I Poeti. Ah!, questi funamboli istrioni sciamani. «Siamo qua. Buffi e /
sinceri
quanto basta. / Non vati, questo no. Ma soli. / Comunque anch’io
continuerò / a imitare i camaleonti o a / prenderli in giro. (…). E
invece siamo qua / a parlare di altri da soli / a cercare la lotta nei
fogli di carta» (p. 40).
Carmine Abate scherza e ride. Sorride sornione. C’è
tanta amarezza, tuttavia, nelle pagine che scorrono si susseguono si
rincorrono; nei versi forbìti (giocati vezzeggiati gironzolati), che si
intrecciano tra endecasillabi e ottonari, settenari, …
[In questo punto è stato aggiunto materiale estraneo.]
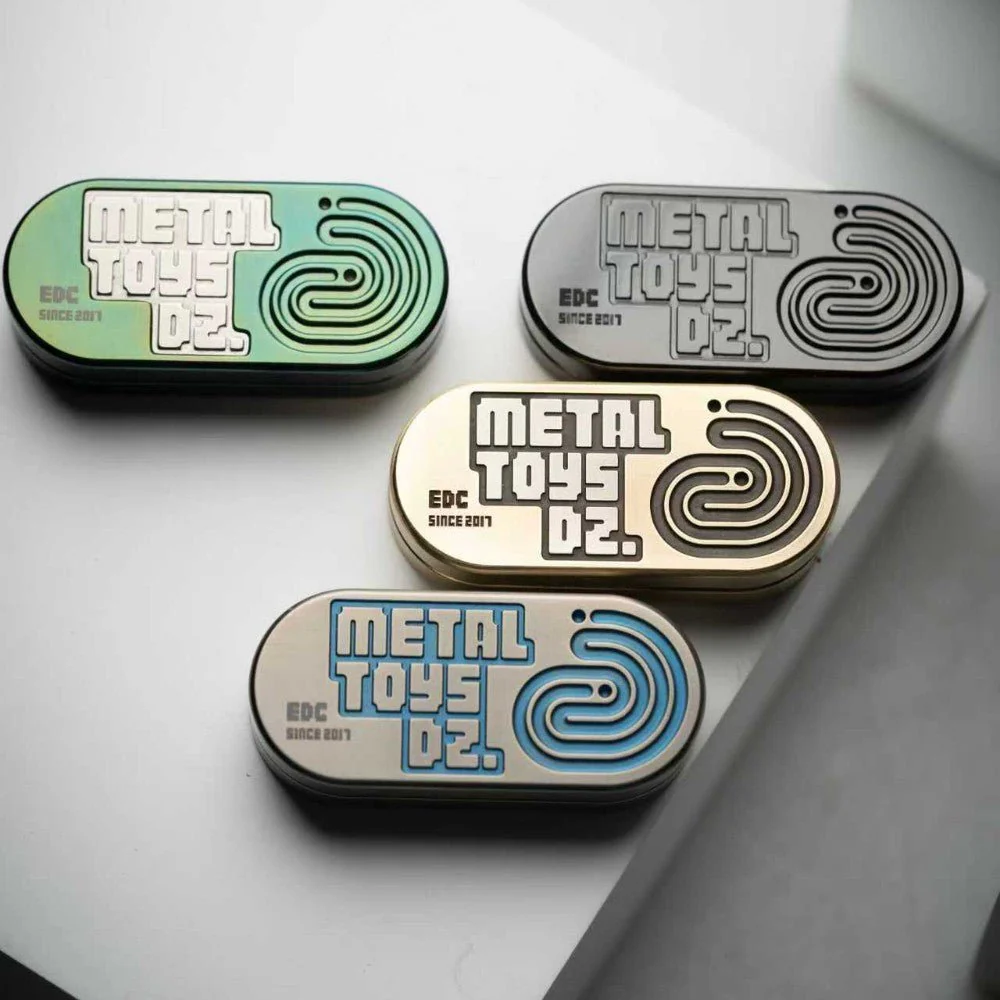 Metal Toys Dz Top-B SNAKE Edition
Cultura e Libertà. Cultura è Libertà. Letteratura e sregolatezza. La
trasgressione. La parola dell’Arbëresh di Carfizzi piace. È umana.
Coinvolge e trascolora. Insomma, giocoliere e acrobata della parola
raffinata, Abate graffia e accarezza, sa di Popolo e di Intellighenzia,
confonde e illumina il lettore con i fotogrammi di un film che,
direttamente o indirettamente, ogni Persona ha vissuto.
L’emigrazione, in particolare. Quando gli Albanesi
eravamo noi. Il 1989 è la caduta dei muri di Berlino. Al plurale.
L’emigrazione è lo strappo dell’anima, lo sradicare il non sradicabile,
l’uccidere senza portare alla tomba. Abate sa delle migrazioni, delle
Popolazioni che si spostano dal Sud al Nord della Terra; sa dell’Umanità
nomade, viandante. Sa della modernizzazione, della società globale
complessa informe liquida. Abate sa tutto. È un Uomo vissuto. Il Tempo
della sua vita non è passato invano: ha avuto e ha grandi occhi e grandi
orecchie. Soprattutto è dotato dei grandi occhi e orecchie
dell’intelligenza. Ha imparato molto, perché ha molto guardato
riflettuto capito, criticamente. Ha sofferto e ha gioito.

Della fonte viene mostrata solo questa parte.